Fountain Valley’s Kingston Technology Co., the world’s biggest maker of memory products for computers and consumer electronics, widened its market share lead for its mainstay memory modules during the first half of the year, according to a report from El Segundo-based market tracker iSuppli Corp.

During the first six months of 2010, Kingston grew its share to 46% of the market for what’s called memory modules—circuit boards loaded with dynamic random access memory chips that speed the performance of computers and servers.

That’s up from 40% market share in the second half of 2009, iSuppli’s data showed.

Kingston sold $2.6 billion worth of memory modules in the first half of the year, up 46% from the second half of last year, iSuppli said.

Kingston outpaced the overall memory module market, which grew by 26% during the same period.

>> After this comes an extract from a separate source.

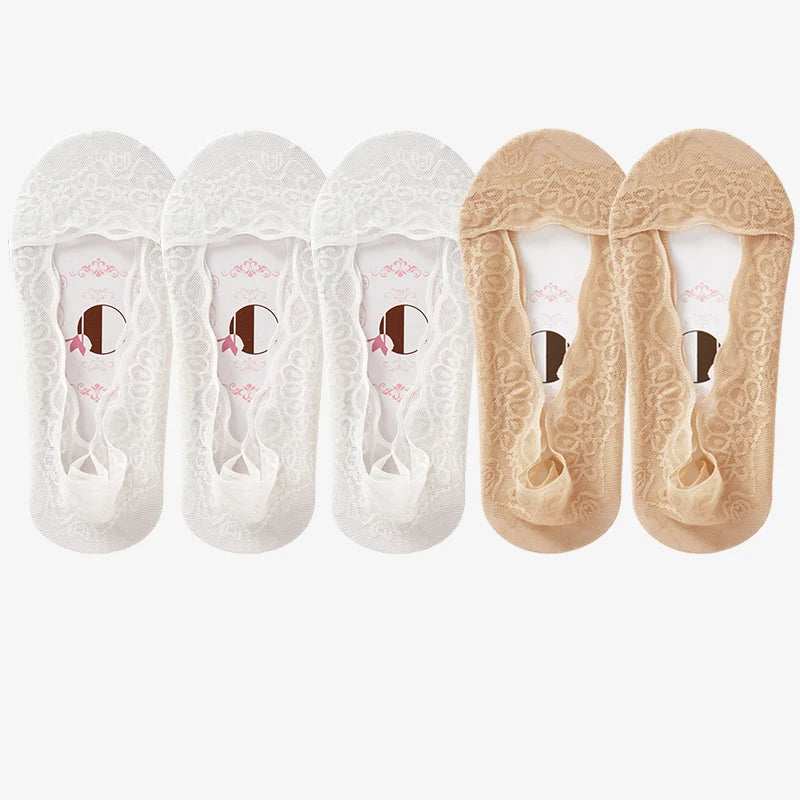 5pairs Summer Women Girl Silica Gel Lace Boat Socks Invisible Cotton Sole Non-slip Antiskid Slippers Anti-Slip Short Ankle Socks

The company was able to expand its lead over rivals because “it used its prodigious buying power during a time of rising module costs to gain share,” according to Clifford Leimbach, an analyst covering memory demand forecasting at iSuppli.

“Kingston in the first half effectively used its … market dominance as a competitive weapon against its smaller rivals,” Leimbach said. “Because of its large size, Kingston has more buying power than any other third-partly module maker, allowing it to obtain more favorable pricing. Kingston passed on these lower prices to its customers, undercutting the competition.”

Kingston buys up memory chips from large manufacturers in Asia and Europe and assembles them on to circuit boards, forming memory modules.

Kingston, despite its size, is “nimble enough to shift its sales to the customer base that will generate the highest profit at any given time, whether to the PC makers or directly to consumers,” Leimbach said.

Kingston and other memory module makers benefited from a running start in the first half of the year that boosted PC sales.

PC shipments jumped 23% in the first half of 2010 from the same period in 2009, iSuppli’s data showed.

After Kingston, No. 2 Taiwan’s A-Data Technology Co. had 7.6% market share, No. 3 China’s Ramaxel Technology Ltd. had 7% of the market, No. 4 Idaho’s Micron Technology Inc. had 5.9% and No. 5 Northern California’s Smart Modular Technologies Inc. had 5.8% share.

Kingston reported 2009 sales of $4.1 billion, roughly flat from $4 billion in sales for 2008.

Its eyeing the $6 billion sales mark this year—a record for the company.

Privately held Kingston has about 800 workers here. It doesn’t disclose profits.